本文从广义自适应梯度（GEAR）方法的角度发展和分析了一类自适应偏置随机优化（ABSO）算法，该算法包含Adam、AdaGrad、RMSProp等。特别地，本文首先考虑了两种首选的有偏随机优化（BSO）算法，即带有GEAR的有偏随机方差减少梯度（BSVRG）算法和随机递归梯度算法（SARAH），得到了两种ABSO算法：BSVRG-GEAR和SARAH-GEAR。我们提出了最小化强凸（SC）和Polyak-Łojasiewicz （PŁ）复合目标函数的ABSO算法的统一分析。其次，我们还利用我们的框架开发了另一种新的BSO算法，自适应有偏差随机共轭梯度（BSCG-GEAR），该算法实现了众所周知的oracle复杂性。具体而言，在温和的条件下，我们证明了所得ABSO算法在PŁ和SC情况下都具有线性收敛率。此外，我们证明了所得到的ABSO算法的复杂性与先进的基于随机梯度的算法相当。最后，我们通过在不同的机器学习应用中进行数值实验，证明了所得ABSO算法的经验优势和数值稳定性。

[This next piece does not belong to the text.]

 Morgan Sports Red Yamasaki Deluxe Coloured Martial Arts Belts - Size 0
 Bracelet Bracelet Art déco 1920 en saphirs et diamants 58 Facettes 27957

本文章由计算机程序翻译，如有差异，请以英文原文为准。

求助全文

约1分钟内获得全文去求助

来源期刊

IEEE transactions on pattern analysis and machine intelligence

自引率

0.00%

发文量

期刊最新文献

GrowSP++: Growing Superpoints and Primitives for Unsupervised 3D Semantic Segmentation. Unsupervised Gaze Representation Learning by Switching Features. H₂OT: Hierarchical Hourglass Tokenizer for Efficient Video Pose Transformers. MV2DFusion: Leveraging Modality-Specific Object Semantics for Multi-Modal 3D Detection. Parse Trees Guided LLM Prompt Compression.